Why ride up the hill, when you can't enjoy the ride down? Thousands of people worldwide suffer from a fear of descending, but there is a cure! There's a better way to learn than to just remove your brake pads, so grab your bike and find a hill - it's time to head down!
Any descent will involve getting through some corners, so we have included that part too. Between the corners generally involves controlling your speed and lining yourself up for the next corner. It sounds overwhelming, but soon it will become your favorite part... Let's just pretend we're riding down a descent - try imagining yourself riding, as we talk you through our imaginary hill.
Assuming you're riding a road bike, try get down low on your bike, and if you're not comfortable with this then practice it elsewhere until you are. Lowering your body height will also lower your centre of gravity, making you more stable when riding at speed. It's also easier to control the brakes, giving you more brake modulation. Try getting your back flat and your head slightly up, so you've got a good field of view ahead of yourself.
Photo: Eric Wynn / firstoffthebike.com
Photo: Eric Wynn / firstoffthebike.com
Choosing your riding line is pretty important if you want to descend smoothly. You can ride any line down a hillside, but choosing the smoothest line is definitely faster, and even makes it easier for you to get down the hill. Aim for a wide entry into the corner, cutting the apex as you make your way through the bend, and finally exiting wide as you head for the next bend. Cornering in this fashion allows you to carry your speed, and to maximize your traction by cornering smoothly and not 'cutting in' too hard on the corner. Remember: Wide line in. Cut the Apex. Wide line out.
When it comes to controlling your speed, it all depends on your brakes and when you choose to use them. Next time you hit a downhill, try braking before you reach the corner. Once you enter the corner, you should be at a speed where you can completely release the brakes through the corner. This increases your traction, as a rotating wheel has more grip than a slowing wheel. As you approach your braking point, gently and consistently apply squeeze to your brake lever, until you feel the brakes have an effect. Gradually increase pressure to slow yourself enough, and when you're happy with your speed for the corner, release the brakes and follow that line! Wide in, cut apex, wide out.
HOT TIP: Apply brakes 50/50 at first. You can learn more about front and rear braking as your skills improve.
As you enter the corner, it's best to be in the position we first mentioned. Low down on your handlebars, flat back and head up. As you reach the part of leaning into the corner, there are a few things to remember... Put your outside leg in the 6 o'clock position and push down on the pedal, as if trying to snap the pedal off. This technique ensures the inside pedal is high, well clear of the ground. This method also increases downward pressure on your tyres, resulting in more traction! Keep it secret though, not many people know this trick...

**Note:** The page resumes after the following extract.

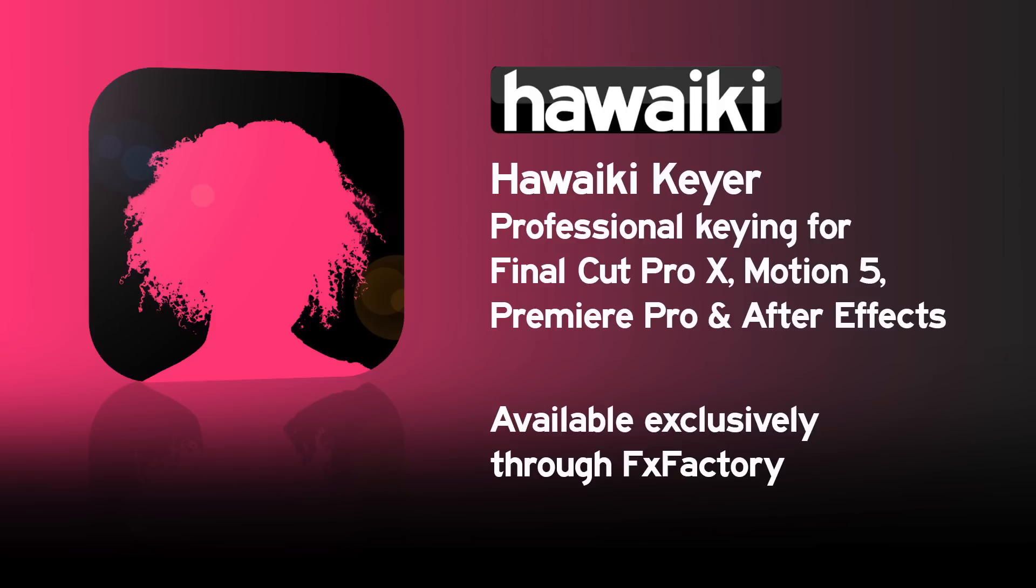Hello and welcome to this introduction to Hawaiki Keyer, the new professional keying plugin for users of Final Cut Pro X and Motion 5, as well as Adobe After Effects and Premiere.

These are the main aspects to cornering, but when it comes to the road in between each corner it's more straight forward! If the road is straight, use the chance to line yourself up for the next corner - or maybe sneak in some pedal strokes once you get your confidence up. Remember to breathe and stay as relaxed as you can. This will ensure you can remain in control, both mentally and physically.
Here it is all together, in one smooth flowing descent... Refer back to the points as we go if you forget what to do.
- As you head down the hill, ensure you are in the correct posture.
- Keep your body low down, and keep your fingers touching the brake levers at all times. Keep your head up, and look where you want to go.
- As you approach your first corner, slowly move wide of the corner and begin to brake. As you apply brakes, ensure your speed is decreasing enough for the particular corner you're entering.
- Release the brakes as you begin to lean into the corner and push down on the outside pedal.
- Cut into the corner, and at the sharpest point of the bend (the apex) you should be right up against the centreline, or the road edge depending on which way the corner is turning.
- As you spot your exit to the corner, look where you want to go and allow your bike to drift wide as you exit the bend. This allows you to maintain speed and also get yourself ready for the next corner. Easy!
When it comes to your confidence while descending, always play it safe. If you're not confident in doing something, you're best to work your way up to it.
While descending, always remain in complete control of your speed. If your speed gets out of hand, you'll need to brake earlier and harder before a corner. If you aren't used to the excess speed, you'll misjudge your approach and potentially overshoot the corner or slide out.
HOT TIP: When the road is wet you'll have far less grip. Double your braking distance, halve your speed and remain in control.